When we want to call ourselves writers, when we come to a point when writing is almost as vital to us as breathing, we can begin to eat, drink and sleep writing. We ponder plots and subplots, fret about wordcount, viewpoint, characterization. Sometimes we go to our writing day after day like inmates of an institution who don’t realise that they are free at any time to leave. During National Novel Writing Month in November, thousands of writers pledge to write 50,000 words. Why? friends sometimes ask Is there a prize? Is it a competition? No, we just do it, for ourselves. But producing the necessary 1667 words a day is a baptism of fire and there are days when you want to beat your head against the table and shout ‘No, no, no!’ You feel literally burned out. And the reason is that you are sapping every inch of your available subconscious and leaving no subconscious soup to bubble and brew and produce new rich and substantial ideas.

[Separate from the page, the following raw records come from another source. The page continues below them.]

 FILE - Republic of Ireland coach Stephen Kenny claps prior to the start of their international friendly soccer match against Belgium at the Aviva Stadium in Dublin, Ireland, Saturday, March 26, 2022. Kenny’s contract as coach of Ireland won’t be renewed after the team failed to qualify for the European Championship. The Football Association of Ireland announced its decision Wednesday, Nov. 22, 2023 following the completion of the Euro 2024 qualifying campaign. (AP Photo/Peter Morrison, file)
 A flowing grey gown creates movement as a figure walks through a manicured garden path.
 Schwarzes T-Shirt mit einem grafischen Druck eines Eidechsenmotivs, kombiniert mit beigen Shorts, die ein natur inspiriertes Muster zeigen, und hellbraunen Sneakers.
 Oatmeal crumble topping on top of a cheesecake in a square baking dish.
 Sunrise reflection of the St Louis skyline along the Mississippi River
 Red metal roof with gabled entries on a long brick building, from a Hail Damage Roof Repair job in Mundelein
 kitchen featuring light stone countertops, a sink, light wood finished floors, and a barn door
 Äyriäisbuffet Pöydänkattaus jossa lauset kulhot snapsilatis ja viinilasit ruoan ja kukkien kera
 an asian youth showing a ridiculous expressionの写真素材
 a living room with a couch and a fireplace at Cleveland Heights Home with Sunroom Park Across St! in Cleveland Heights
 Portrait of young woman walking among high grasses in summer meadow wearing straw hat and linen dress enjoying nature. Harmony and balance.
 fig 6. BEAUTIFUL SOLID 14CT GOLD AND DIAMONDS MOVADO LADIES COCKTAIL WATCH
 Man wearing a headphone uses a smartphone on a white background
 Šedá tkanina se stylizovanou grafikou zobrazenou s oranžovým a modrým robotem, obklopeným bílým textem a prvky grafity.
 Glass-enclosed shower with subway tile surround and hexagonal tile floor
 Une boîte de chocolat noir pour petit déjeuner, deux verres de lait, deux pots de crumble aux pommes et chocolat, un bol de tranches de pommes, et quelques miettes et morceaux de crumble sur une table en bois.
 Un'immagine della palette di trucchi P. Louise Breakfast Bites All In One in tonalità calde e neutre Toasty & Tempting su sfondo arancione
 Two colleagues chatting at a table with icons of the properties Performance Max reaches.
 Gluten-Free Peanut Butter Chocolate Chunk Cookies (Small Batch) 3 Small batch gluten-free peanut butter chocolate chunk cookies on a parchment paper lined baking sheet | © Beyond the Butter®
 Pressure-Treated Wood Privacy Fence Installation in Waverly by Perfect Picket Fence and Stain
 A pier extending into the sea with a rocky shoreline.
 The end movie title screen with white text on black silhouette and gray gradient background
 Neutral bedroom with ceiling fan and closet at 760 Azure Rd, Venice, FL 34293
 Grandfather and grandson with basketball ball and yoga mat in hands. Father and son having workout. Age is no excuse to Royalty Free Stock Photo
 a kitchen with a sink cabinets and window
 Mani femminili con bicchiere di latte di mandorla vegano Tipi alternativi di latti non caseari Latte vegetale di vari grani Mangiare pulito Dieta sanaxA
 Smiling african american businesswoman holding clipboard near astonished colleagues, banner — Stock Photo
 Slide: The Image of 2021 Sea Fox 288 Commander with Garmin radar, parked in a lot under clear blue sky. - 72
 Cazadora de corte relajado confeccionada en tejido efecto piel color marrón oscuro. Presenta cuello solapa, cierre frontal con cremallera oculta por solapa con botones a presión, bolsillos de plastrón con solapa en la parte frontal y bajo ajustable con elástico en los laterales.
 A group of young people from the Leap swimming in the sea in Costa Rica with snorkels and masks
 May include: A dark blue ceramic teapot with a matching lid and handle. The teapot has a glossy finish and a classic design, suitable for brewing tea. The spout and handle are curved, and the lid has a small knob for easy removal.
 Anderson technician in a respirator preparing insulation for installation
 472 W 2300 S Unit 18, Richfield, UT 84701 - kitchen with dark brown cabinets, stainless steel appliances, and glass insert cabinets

I’ve written before about the absolutely vital part of creativity called incubation (the psychological process whereby disjointed ideas stew and associate in new and startling ways). It famously worked in the bath for Archimedes and – as I’ve discovered this morning – for the inventor of the ATM (who unfortunately forgot to patent the idea.) At the moment I am itching to write a short story, I just love the form so much. I have plenty of ideas jotted down, some character development done, some paragraphs written but nothing, at the moment is jumping out at me. As indeed Stephen King puts it ‘good short story ideas come quite literally from no-where, sailing at you right out of the empty sky: two previously unrelated ideas come together and make something new under the sun’.  So my short stories ideas are reasonable but there is no spark to set them alight, align them in a unique and exciting way. All it will take is a moment, a chance remark, something seen on television (Gah!) or by listening to a song or reading something in the newspaper to make the difference. But that cannot always be planned and sometimes you have to work through the piece in the absense of inspiration hoping that the next time you come to it you will see it with a fresh eye.

Being committed we will write as much as we can, even when life is busy and emotionally demanding, even when we are sucked from all sides. ‘Sometimes, as King says ‘you have to go on when you don’t feel like it, and sometimes you are doing good work when it feels like all you’re managing is to shovel shit from a sitting position‘. We need to be committed and ready to feel the fear that our work is going no-where and go there anyway. However we also need to be aware of finding a balance between word production, following through and giving ourselves the mental space to find new inspiration and drive.

Do you write everyday? Through difficult times or holidays? Or do you give yourself a day off every week? Or a break at the end of a project? What works for you? Would love to hear your comments.